How we moved to serverless architecture at Goalwise using AWS Lambda
We believe in lean and efficient teams rather than large teams and then having the overhead of managing them to improve productivity. Goalwise, being a fintech start-up, has a lot of focus on process automation. This reduces human resources required and manual errors.
Currently there are a lot of features that need number crunching on a daily basis like the capital gains calculations, streaks calculation, scheduled transaction generations and many more. At the early stages of the company cron jobs were written which ran on the EC2 servers. This solution was not my first choice but given the time constraints it was a good one. Cron jobs are a great way to get scheduled tasks done as long as the server doesn’t die.
As we started shipping more features, the number of cron jobs started increasing. This brought about a new problem of increasing the EC2 capacity. I had managed to run all the scheduled jobs on t2.micro instance with code written to run for frugal memory consumption and some clever cron job scheduling. This approach though economical, made the code very hard to maintain and add enhancements. Eventually as the number of users increased I reached to a point where the only way out was to increase the EC2 size. With the customer base increasing by about 10% monthly there would be a need to move to a larger EC2 instance every 9 months (This is a rough calculation based on the ratio of number of api drops to memory consumed by the server process threads running. Every time there is an api call dropped error registered more memory is allocated to the server. Eventually there will not be enough memory left on the EC2 instance to allocate). This translated directly into increasing cost for the company (almost 2x every 9 months).
I started looking for ways to get over these two problems. One thing was very clear that increasing the server capacity was not the solution to the problem. First thing I did was that I had a look at the existing code and checked if there is anything that can be written better. I listed them down but did not go about making these changes straight away as I was not sure if we would be needing the code at all in the future.
Next I had a discussion with the product team to get a better view of the upcoming features not just for the next month or quarter but for the year. This discussion did not just include the features that were already scheduled to be released at some point in time but also ideas which hadn’t been thought through yet as a fully formed feature.
After the meeting with product team I met with the operations team to understand their pain points and what parts of their daily jobs could be automated.
Next was the customer experience team. Goalwise provides top notch customer experience and anything that can be done to help the customer experience team do their job better had to be done.
These meetings were very helpful as they gave me an overall idea what was coming tech’s way in the future and how much heavy-lifting scheduled jobs will need to do. After analysing all the requirements that I was able to gather, I started looking at options available to get things done on AWS.
After doing a bit of research I shortlisted two solutions which could fit my needs:
- the spot instance way, or
- the server less Lambda way
To make my final decision I had a look at the requirements again.
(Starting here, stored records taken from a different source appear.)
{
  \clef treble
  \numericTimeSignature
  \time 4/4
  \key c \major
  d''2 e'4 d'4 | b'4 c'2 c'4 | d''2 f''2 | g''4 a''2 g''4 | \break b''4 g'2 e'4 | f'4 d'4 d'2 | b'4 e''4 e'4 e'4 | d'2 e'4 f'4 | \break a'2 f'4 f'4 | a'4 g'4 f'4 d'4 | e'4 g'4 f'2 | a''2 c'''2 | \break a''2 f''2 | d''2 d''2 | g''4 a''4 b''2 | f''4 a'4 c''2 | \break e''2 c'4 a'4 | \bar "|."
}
Turns out most of the requirements were going to be triggered based on two events — user action or scheduled for a particular time in the day. This essentially meant that the code that was going to be written for the scheduled job would also be a part of the product as an event-triggered calculation. As a developer I did not want to maintain multiple sets of code doing the same thing. I saw two main problems with the spot instance approach.
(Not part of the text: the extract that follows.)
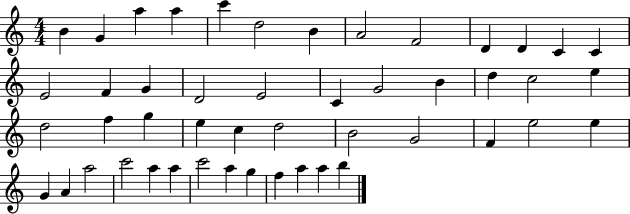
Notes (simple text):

- Reliable provisioning for time sensitive task while the triggers for lambda has failure retries built in.
- I would still have to keep increasing the EC2 size as the traffic on the website increases while lambda gave me the option to scale horizontally without any extra effort.
AWS Lambda was the way to go.
I was all excited to start working on AWS Lambda but it came with its own set of limitations. Though lambda was easy to trigger on user actions it was not designed to run batch jobs. ‘Step Functions’ stepped in to save the day. It allowed the job orchestration and reporting the way which suited my needs best.
In a couple of weeks of code, I was able to write a basic framework for serverless jobs for Goalwise. This framework focused mostly on dealing with the AWS APIs and laid out some basic standard for writing jobs. With these building blocks in place I could run hundreds of lambdas in parallel to do the calculations and then combine the results and flush them to the database depending on the class the of the database and load on it :) I am not going into the details of it in this blog (may be later I will write one).
I ran it in production in parallel with one of the existing cron jobs and monitored the results. With a few more changes to the framework, code was performing as expected but with a lot more reliability. It was time to flip the switch and go live with it.
Three months later almost all the scheduled jobs are now serverless with the framework further evolving into performing more and more of the dev-ops tasks ‘codomaticaly’ thanks to the AWS APIs. At present the dashboard data, streak calculation, capital gains report calculation, KYC recon, graph calculation and a lot more are run on lambda.
To do the same thing on EC2 instance I would need a t2.medium machine which with the yearly no upfront reserved instance applied would approximately cost $45. The current usage of lambda and step functions combined is $4.87. By the end of this year hopefully I will be able to migrate the remaining few jobs too and shut down the EC2 :) On the website and app we roughly get about a million api calls a month which is being handled by a single t2.small instance. I hope to move move all the api calls to lambda 3rd quarter next year. By my calculations, this should reduce the compute cost by almost 80%!